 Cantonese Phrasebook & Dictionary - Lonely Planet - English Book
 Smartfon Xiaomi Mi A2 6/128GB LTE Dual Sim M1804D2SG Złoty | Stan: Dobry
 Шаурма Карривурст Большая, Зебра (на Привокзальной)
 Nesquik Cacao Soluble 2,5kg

+ + + +

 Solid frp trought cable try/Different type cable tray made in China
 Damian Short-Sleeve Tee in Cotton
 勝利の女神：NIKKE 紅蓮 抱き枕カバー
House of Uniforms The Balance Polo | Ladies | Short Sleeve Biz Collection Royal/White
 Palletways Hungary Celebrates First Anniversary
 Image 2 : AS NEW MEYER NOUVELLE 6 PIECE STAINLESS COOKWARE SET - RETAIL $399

+ + + +

Your assignment
Could you transcribe the entries above word for word, from the line with "House of Uniforms" down to the line with "Image 2 : AS", keeping both?

Task output
House of Uniforms The Balance Polo | Ladies | Short Sleeve Biz Collection Royal/White
 Palletways Hungary Celebrates First Anniversary
 Image 2 : AS NEW MEYER NOUVELLE 6 PIECE STAINLESS COOKWARE SET - RETAIL $399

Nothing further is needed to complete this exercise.